Pursuant to above regulations the bills of lading issued in the instant case contain these provisions: “This shipment may be held at Kaufman for not to exceed 20 days *294from the date of B/L for compression and consolidation under provisions of Item 280 Tariff 71-C, I.C.C. 382.”

Pertaining to duties and liabilities of rail-roáds as common carriers, Art. 886, R.C.S. 1925 reads: “Railroad companies and other common carriers having depots and warehouses for storing goods shall be liable as warehousemen are at common law for goods and the care of the same stored at such depots or warehouses before the commencement of the trip or voyage on which said goods are to be transported. They shall be liable as common carriers from the commencement of the trip or voyage until the goods are delivered to the consignee at the point of destination. The trip or voyage shall be considered as having commenced from the time of the signing of the bill of lading, and the liability of the common carrier shall attach, as at common law, from and after such signing.”
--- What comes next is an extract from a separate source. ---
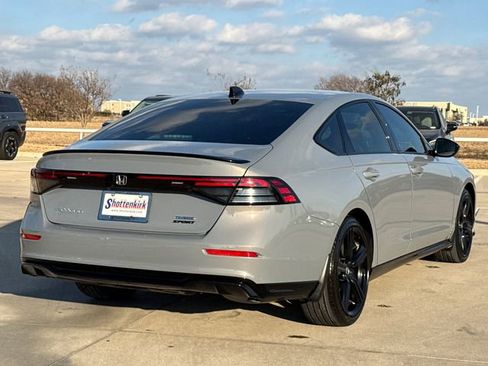 Used 2024 Honda Accord Sport image 9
Article 6409, R.C.S.1925, reads: "* * * and in case of failure to do so [forwarding goods in order of receipt] they shall be liable for all loss occurring while the goods remain, and for all damage occasioned or in anywise resulting from delay; provided that the trip or voyage shall be considered as having commenced from the time- of the signing of the bill of lading * * *.”

Article 6393, id.: “Railroad companies shall erect at each depot, station, or place established by such company for the reception and delivery of freight, suitable buildings or enclosures to protect produce, goods, wares, and merchandise and freight of every description from damage by exposure to weather, stock or otherwise.”
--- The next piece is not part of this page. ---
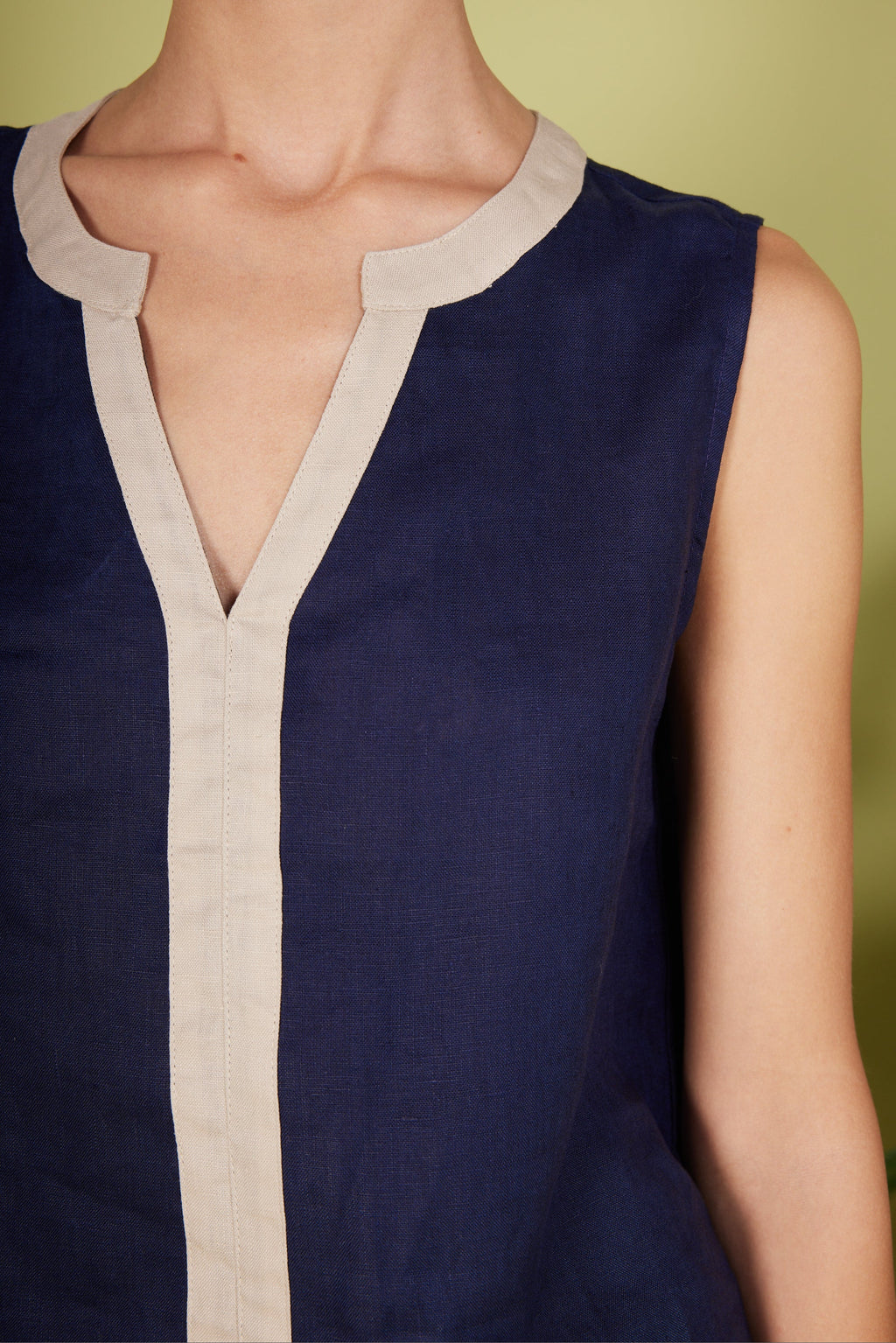 DANIELLE SLEEVELESS TOP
After a careful study of this record, we are of the opinion that the undisputed facts as a whole may be stated thus:

(1) The defendant Railroad Company issued its bills of lading acknowledging receipt of the cotton in question and agreed to transport the same to Houston subject only to the right to hold the shipment not to exceed 20 days for compression and consolidation pursuant to tariff provisions.
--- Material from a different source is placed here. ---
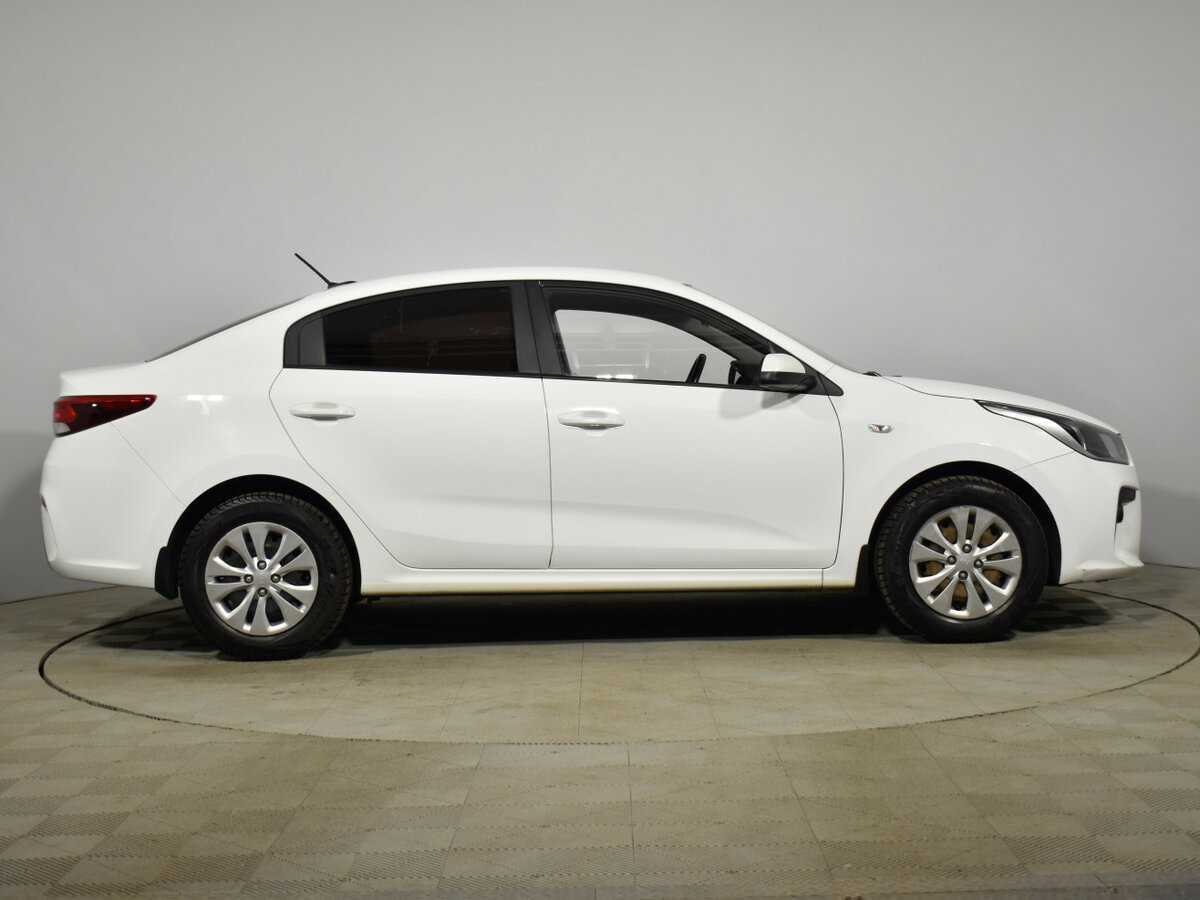 Купить Kia Rio с пробегом. Фото: #3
(2) At the same time it knew that under the rules and regulations of the Railroad Commission the shipper of the cotton had a legal right to tender the cotton to it as a carrier on the compress platform.

(3) At that time the Railroad also knew that it was its duty as a carrier, when satisfactory arrangements had been made with the shipper, to receive and receipt for such cotton at the compress in the same manner as if it had been tendered to it on its own platform.

(4) The Railroad Company knew that its issuance of the bills of lading would reflect acceptance of the cotton by it as a carrier.

(5) When it received the cotton and issued its bills of lading it knew that the cotton was not ready for shipment and would have to be compressed before actual shipment began as evidenced by its notation on the bills of lading that the cotton might be held for not to exceed 20 days for the purpose of compression and consolidation.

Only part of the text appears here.